- Directed by: Malam Saguirou
- Screenplay by: Malam Saguirou
- Produced by: Adalios
- Cinematography: Malam Saguirou, Salissou Rabé, Issoufou Magaji
- Edited by: François Pit
- Music by: Kané
- Release date: 2008;
- Running time: 52 minutes
- Countries: France Niger

= La Robe du temps =

La Robe du temps (The Gown of Time) is a 2008 film from Niger directed by Malam Saguirou, whose documentaries have won a number of international awards.

== Synopsis ==
In Zinder, the 2nd largest city in Niger, Ousseini is the young chief of the very traditional Brotherhood of Butchers.
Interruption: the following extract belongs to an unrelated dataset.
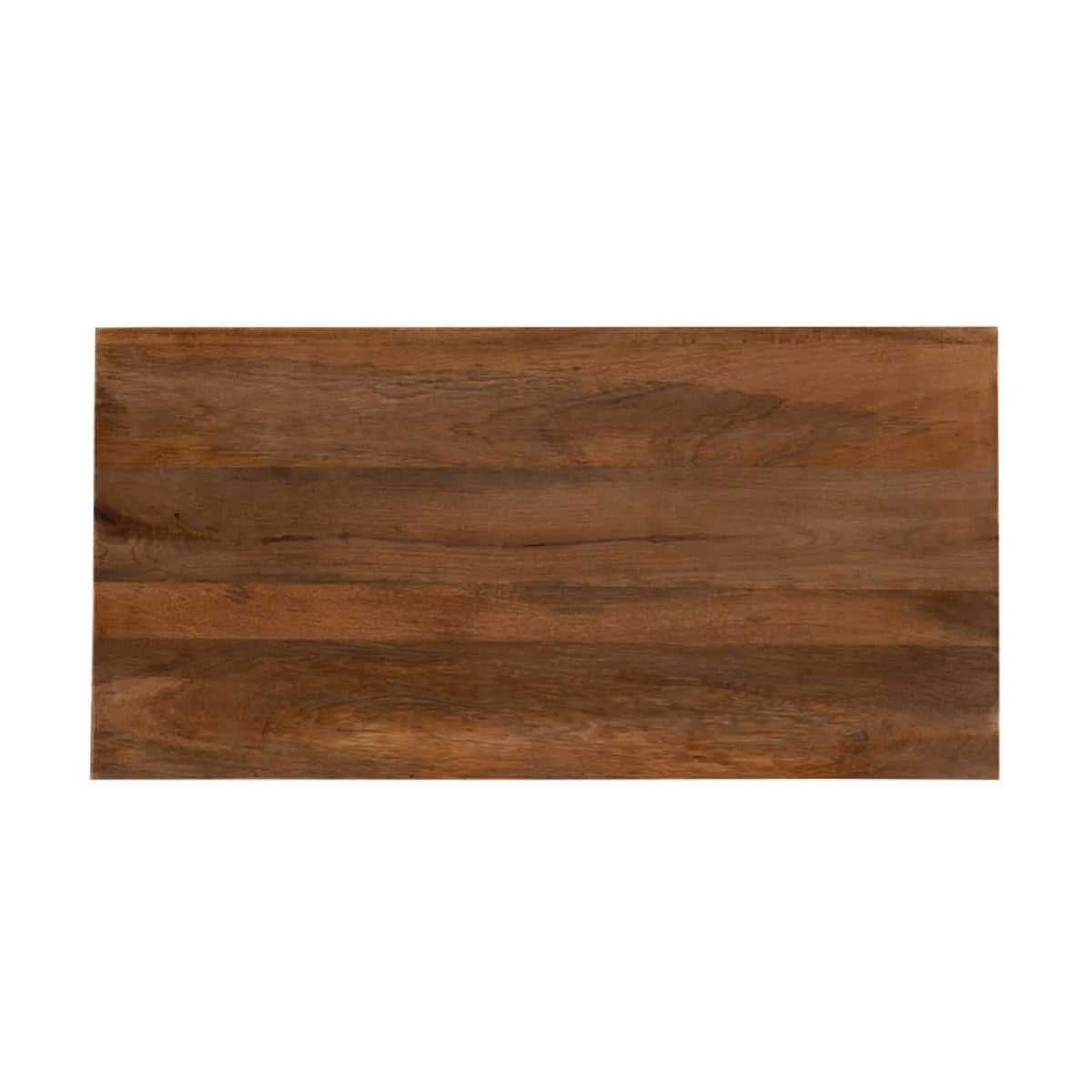 Brown Wood Cabinet with 2 Shelves K91945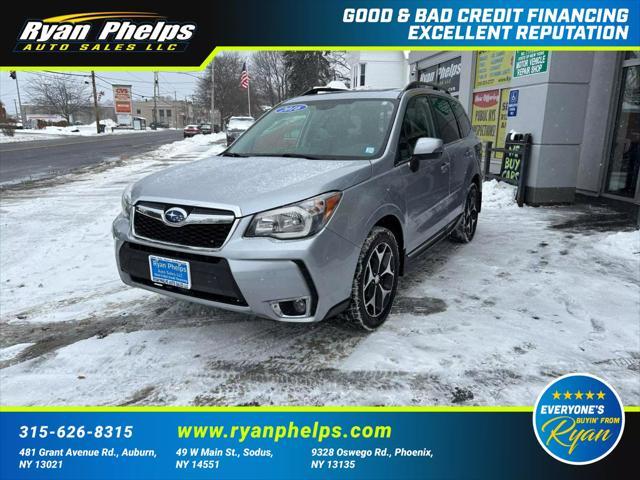 used 2016 Subaru Forester car, priced at $19,875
While trying to develop a channel for exporting beef from his region, he faces another challenge; he must legitimize his recently acquired role as a traditional chief while at the same time asserting his role as an innovator.
The director follows the young Ousseini in his efforts.
His movie summarizes the problems faced by young entrepreneurs, and provides a lesson in practical economics.

==Production==

Saguirou attended the Berlinale Talent Campus in Berlin in 2006.
The film was selected that year as a Berlinale documentary project.
The film was a co-production between Dangarama of Niger and Adalios of France.
As with most films made in Niger, the director was forced to be his own producer.
The Fonds francophone de production audiovisuelle du Sud, which assists filmmakers in the southern Francophone region, helped with production.

==Festival screenings==

The film was featured at the November 2008 Lumières d'Afrique festival in Besançon, France.
It was shown at the Festival de Cine Africano in Córdoba, Spain.
It was also featured at the 2009 "Lagunimages" Festival, which has been held in Cotonou, Benin every two years since 2000. The festival primarily showcases African audio visual works, and provides a forum for exchange of information between their makers and potential investors.
The film was screened again at the 2009 Amiens International Film Festival and at the third Ciclo de Cine por la Paz festival at the Bellas Artes of Madrid.